Simon Furman began fleshing out the backstory for Dreamwave’s new continuity with a six-issue series set on Cybertron, with art by notable fan-artist Don Figueroa. A special preview story slotted in between issues #2 and #3. The series is best remembered for being the first to give unique Cybertronian designs to all of its characters, and Furman went on to incorporate concepts introduced in his Dreamwave stories into later comics.

War Within: The Dark Ages

The popularity of The War Within prompted a second six-issue miniseries, set after an ambiguous timeskip and featuring (heavily modified by the inker) artwork from Andrew Wildman. It’s notable for introducing The Fallen to the Transformers mythos.

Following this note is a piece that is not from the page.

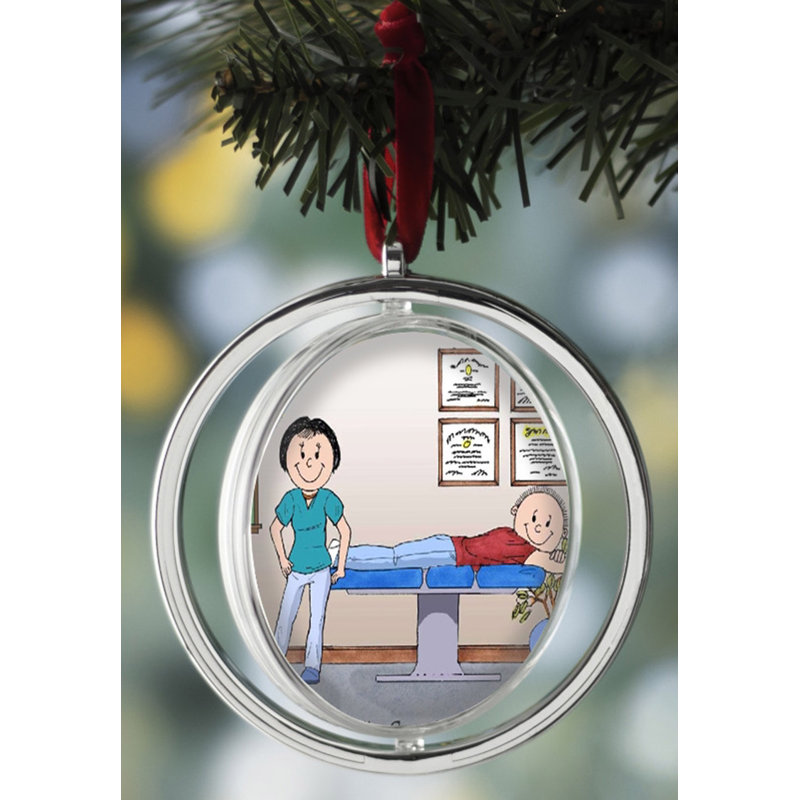 Chiropraticien personnalisé - Ornement de Noël pivotant à double face pour femme, Oui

War Within: The Age of Wrath

A third six-issue miniseries, written by Furman with art by Joe Ng, was abruptly cancelled after three issues due to Dreamwave’s bankrupcy. Issue #4 was entirely completed, but not all of the finished pages have seen the light of day; Furman later released scripts for issues #4 and #5 along with his outline for issue #6.

The Transformers Trilogy

Fledgling paperback publisher iBooks released three novels set between Prime Directive and War and Peace. Author Scott Ciencin did apparently little research into Transformers, and his novel Hardwired ended up consisting mostly of gratuitous sex-and-gore. The novel’s two sequels, Annihilation and Fusion, were written by David Cian and were generally considered more readable.

War and Peace

While Furman worked on The War Within, James McDonough wrote the six-issue followup to Prime Directive under his “Brad Mick” psuedonym, dropping most of the previous run’s beats by moving the action to Cybertron as quickly as possible. The series is an early example of a 2000s Transformers story copying a great many superficial elements from The Transformers: The Movie.

Ascension

When the Generation One comic graduated into a full ongoing series, beginning with a preview issue #0, McDonough soon brought on co-writer Adam Patyk. The first story arc told across issues #1-6 was to have been titled Ascension when released as a trade paperback.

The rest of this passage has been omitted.